ColabFold Indexdb died error message when creating colabfold_envdb_202108

Hi,

I was trying to setup the database. But it breaks upon the execution of this code:

mmseqs createindex colabfold_envdb_202108_db tmp2 --remove-tmp-files 1 The error message I get is this:

MMseqs Version:          	edb8223d1ea07385ffe63d4f103af0eb12b2058e
Seed substitution matrix 	aa:VTML80.out,nucl:nucleotide.out
k-mer length             	0
Alphabet size            	aa:21,nucl:5
Compositional bias       	1
Max sequence length      	65535
Max results per query    	300
Mask residues            	1
Mask lower case residues 	0
Spaced k-mers            	1
Spaced k-mer pattern
Sensitivity              	7.5
k-score                  	seq:0,prof:0
Check compatible         	0
Search type              	0
Split database           	0
Split memory limit       	0
Verbosity                	3
Threads                  	8
Min codons in orf        	30
Max codons in length     	32734
Max orf gaps             	2147483647
Contig start mode        	2
Contig end mode          	2
Orf start mode           	1
Forward frames           	1,2,3
Reverse frames           	1,2,3
Translation table        	1
Translate orf            	0
Use all table starts     	false
Offset of numeric ids    	0
Create lookup            	0
Compressed               	0
Add orf stop             	false
Overlap between sequences	0
Sequence split mode      	1
Header split mode        	0
Strand selection         	1
Remove temporary files   	true

indexdb colabfold_envdb_202108_db colabfold_envdb_202108_db --seed-sub-mat aa:VTML80.out,nucl:nucleotide.out -k 0 --alph-size aa:21,nucl:5 --comp-bias-corr 1 --max-seq-len 65535 --max-seqs 300 --mask 1 --mask-lower-case 0 --spaced-kmer-mode 1 -s 7.5 --k-score seq:0,prof:0 --check-compatible 0 --search-type 0 --split 0 --split-memory-limit 0 -v 3 --threads 8

Target split mode. Searching through 34 splits
Estimated memory consumption: 29G
Write VERSION (0)
Write META (1)
Write SCOREMATRIX3MER (4)
Write SCOREMATRIX2MER (3)
Write SCOREMATRIXNAME (2)
Write SPACEDPATTERN (23)
Write GENERATOR (22)
Write DBR1INDEX (5)
Write DBR1DATA (6)
Write DBR2INDEX (7)
Killed
Error: indexdb died

It works fine with uniref30_2103.tar.gz file though.

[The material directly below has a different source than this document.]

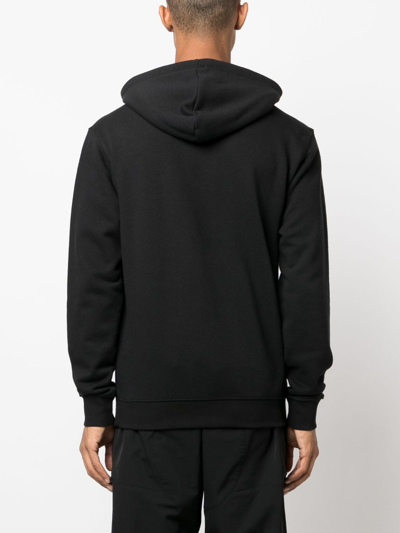 Shop Adidas Originals Logo-print Cotton Hoodie In Black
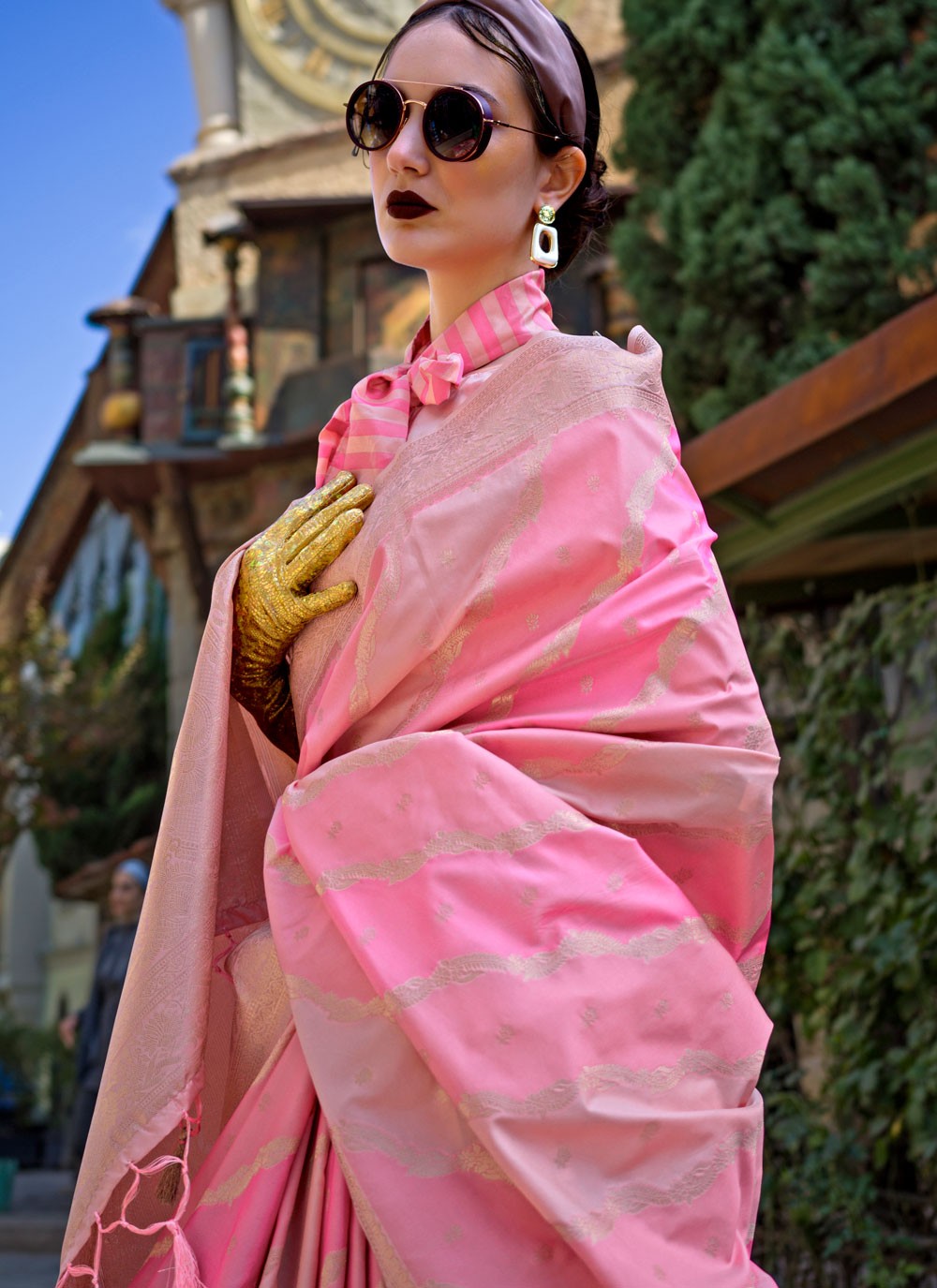 Classic Weaving Zari Katan Silk Saree - S7744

How can I resolve the problem?

G.V.

Dec 08 '21 06:12 gundalav

I assume your computer does not have enough RAM. How much RAM does your server has?

Dec 08 '21 07:12 martin-steinegger

I am using AWS p3.2xlarge instance. It has around 61GB RAM. Screen Shot 2021-12-08 at 16 18 50

Dec 08 '21 07:12 gundalav

Online searches: Our Colabfold server has ~760GB RAM and keeps full database and index in memory. Batch searches: To perform a batch search you require less memory. But its still approx 1 byte per residue. So I would assume you would probably require at least 90GB. We still need to figure out whats the lower bound for this database.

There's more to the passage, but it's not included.